_PROBLEM_
An exact copy of the listing is required, with its pictures removed.

_DATA EXTRACT_
= = =

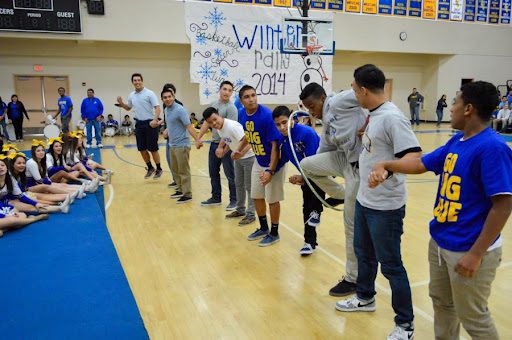 Students playing game in gymnasium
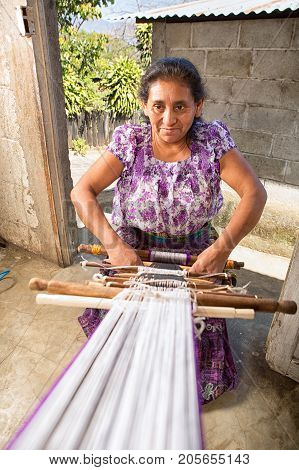 January 20 2015 San Pedro la Laguna Guatemala: mayan woman weaving a yarn belt with traditional wooden sticks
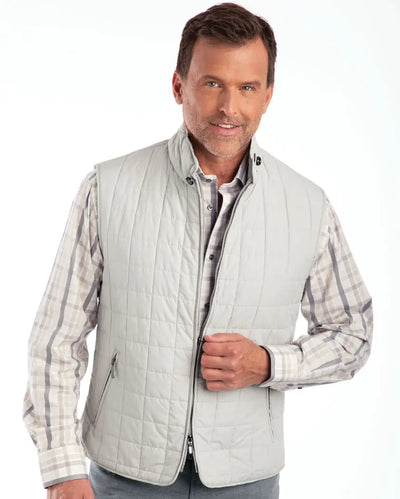 A man stands facing the camera, wearing the St. Croix Quilted Vest 7051 in light gray classic fit over a plaid shirt, adjusting the vest zipper with one hand.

= = =

_REPLY TO THE TASK_
 Students playing game in gymnasium
 January 20 2015 San Pedro la Laguna Guatemala: mayan woman weaving a yarn belt with traditional wooden sticks
 A man stands facing the camera, wearing the St. Croix Quilted Vest 7051 in light gray classic fit over a plaid shirt, adjusting the vest zipper with one hand.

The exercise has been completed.